The Roman Forum: From Von Hildebrand to Hermeticism
How Did a Valentin Tomberg Devotee End Up Being on the Faculty of the Roman Forum?
(AI depiction of the Hellenistic Daemon of Valentin Tomberg Assisting Dr. Morello at the Roman Forum)
By all accounts, the Roman Forum’s Gardone Summer Symposium was once the high altar of traditional Catholic resistance. Founded by Dietrich von Hildebrand, a man Pius XII called “the twentieth-century Doctor of the Church,” the Forum sought to rally intellect, art, and the full Catholic tradition in defense of Christendom. It was a countercultural sanctuary in the wake of Humanae Vitae, a refuge for those scandalized by aggiornamento and the “autodemolition” of the Church.
So why was the 2025 Gardone Summer Symposium, this once-revered gathering of traditional Catholics, headlined by a man who speaks fondly of Valentin Tomberg manifesting in his garden shed?
Twelve Years in Attendance”: Morello at the Roman Forum
Dr. Sebastian Morello, faculty member and featured speaker at this year’s Roman Forum, opened his lecture with a long defense of his recent foray into Hermetic and esoteric sources. In his own words, Morello described being the target of a “slightly bizarre online controversy,” in which an “eccentric coalition” of “orthobros, sedevacantists, and postconciliar neocons” accused him of being a “dark occultist,” a “heretic,” and a “blasphemer.” He dismissed the most severe allegations, including that he advocated sorcery or called sacramentals talismans, as absurd and defamatory, while defending his method of engaging with Hermetic and non-Christian sources as part of a legitimate Christian intellectual tradition.
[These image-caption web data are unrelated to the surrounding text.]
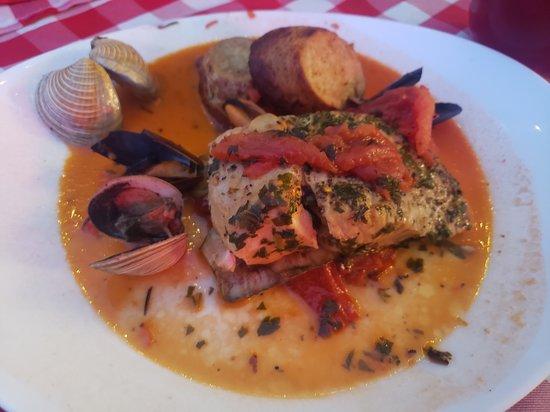 poco pazzo bar e pizzeria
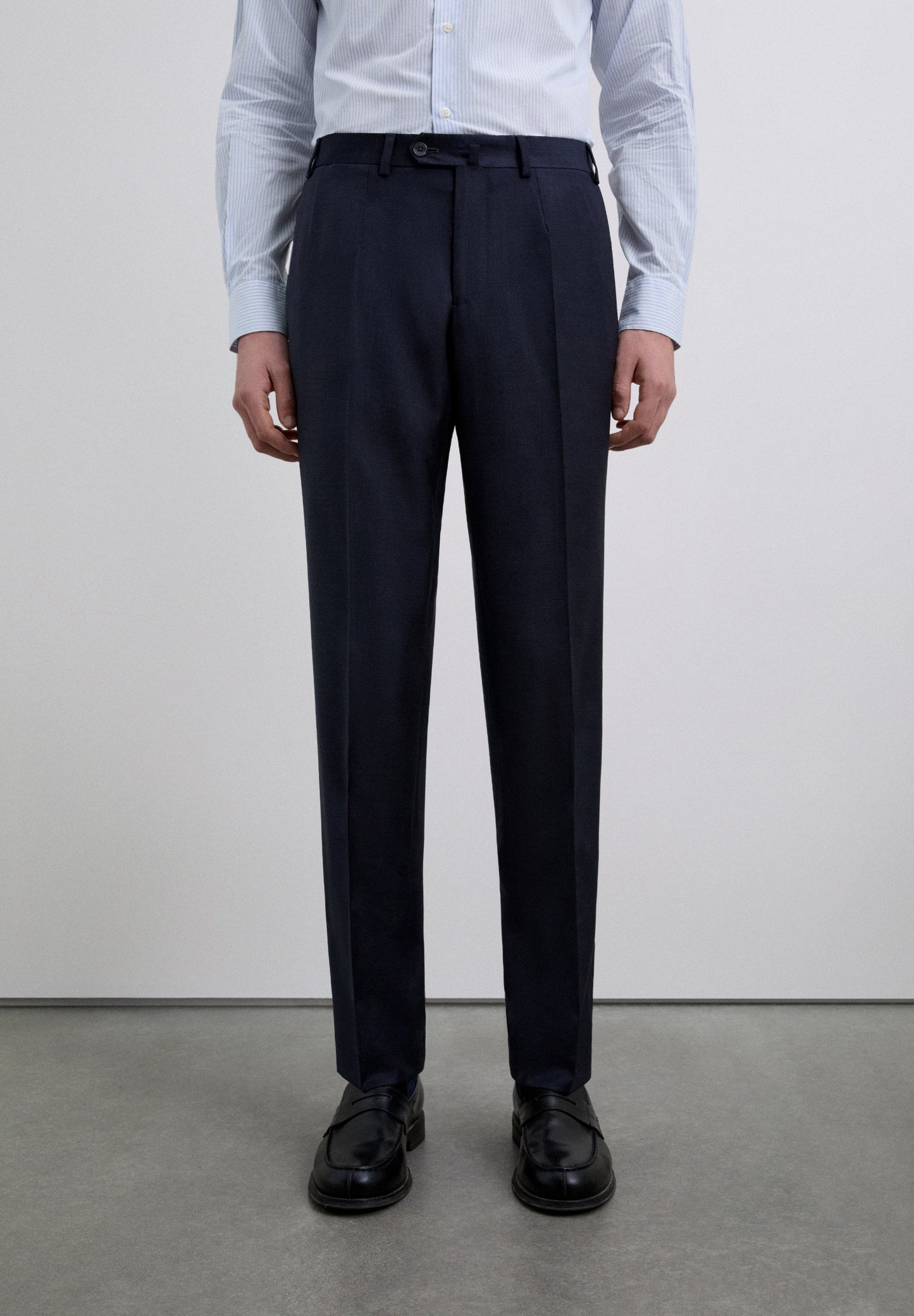 SCNEW CITY SUIT PANTS II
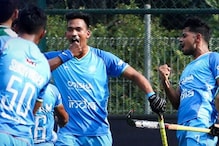 Sultan of Johar Cup: India Bag Bronze With Shootout Win Over Pakistan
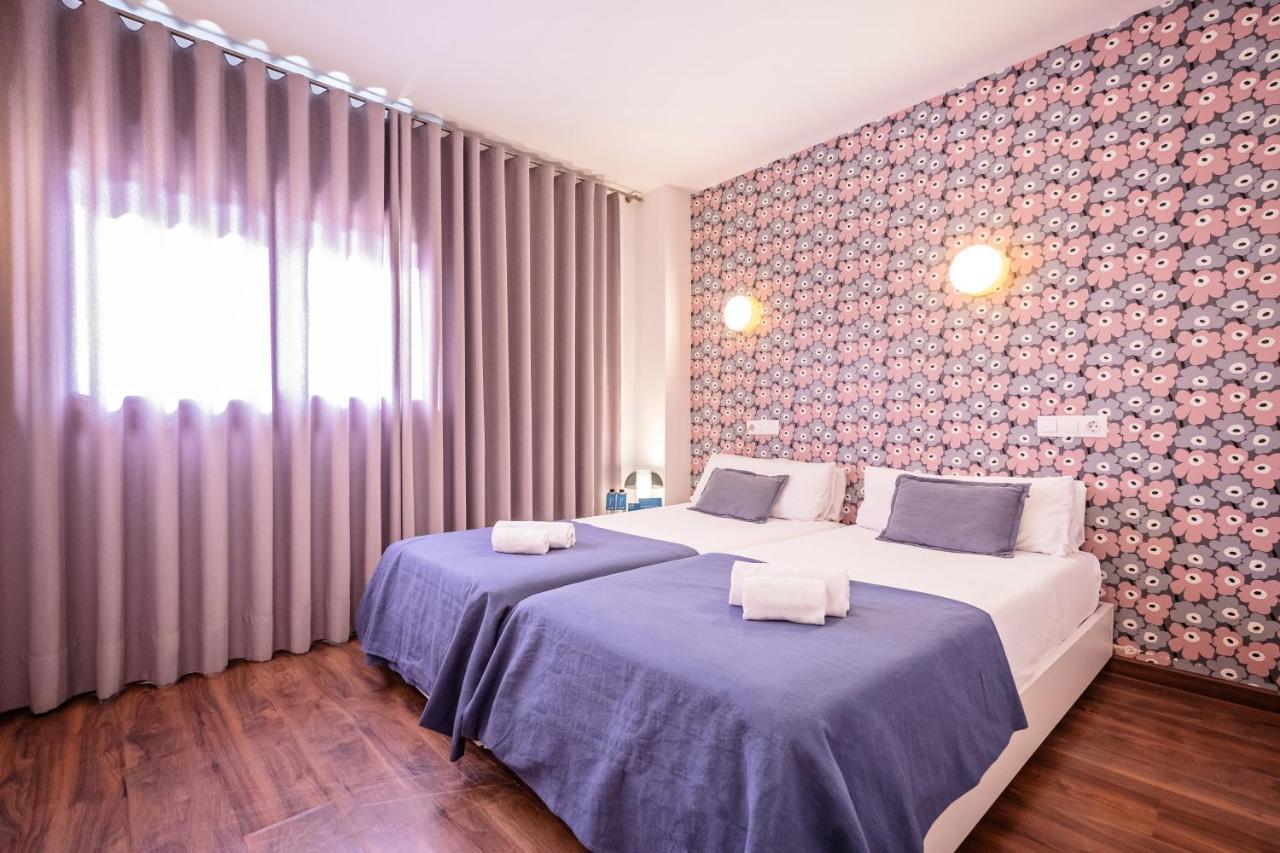 Sweett - Carrer Bailen Apartment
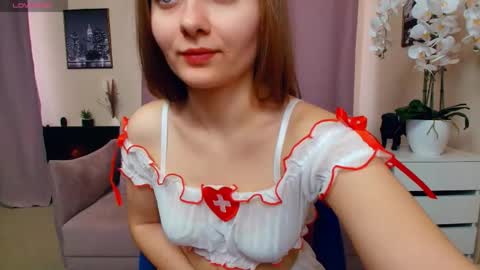 Katrin online show from 04.15.26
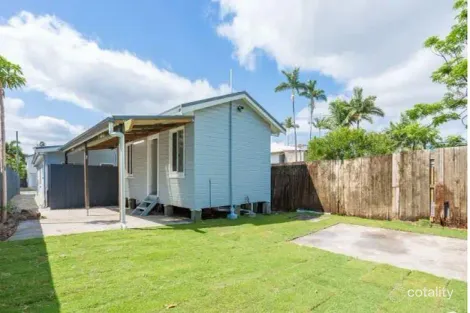 34 Nelson St, Bungalow, QLD 4870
He noted that one critic suggested he needed an exorcist, and dismissed that judgment by citing the example of St. John’s use of Logos, the Neoplatonism of Clement of Alexandria, and Aquinas’s interest in Islamic philosophy. He failed, however, to note that none of those saints dabbled in esotericism, praised Rosicrucians, or wrote books casually referencing the Emerald Tablet, ritual magic, or Valentin Tomberg as inspired guides for spiritual renewal.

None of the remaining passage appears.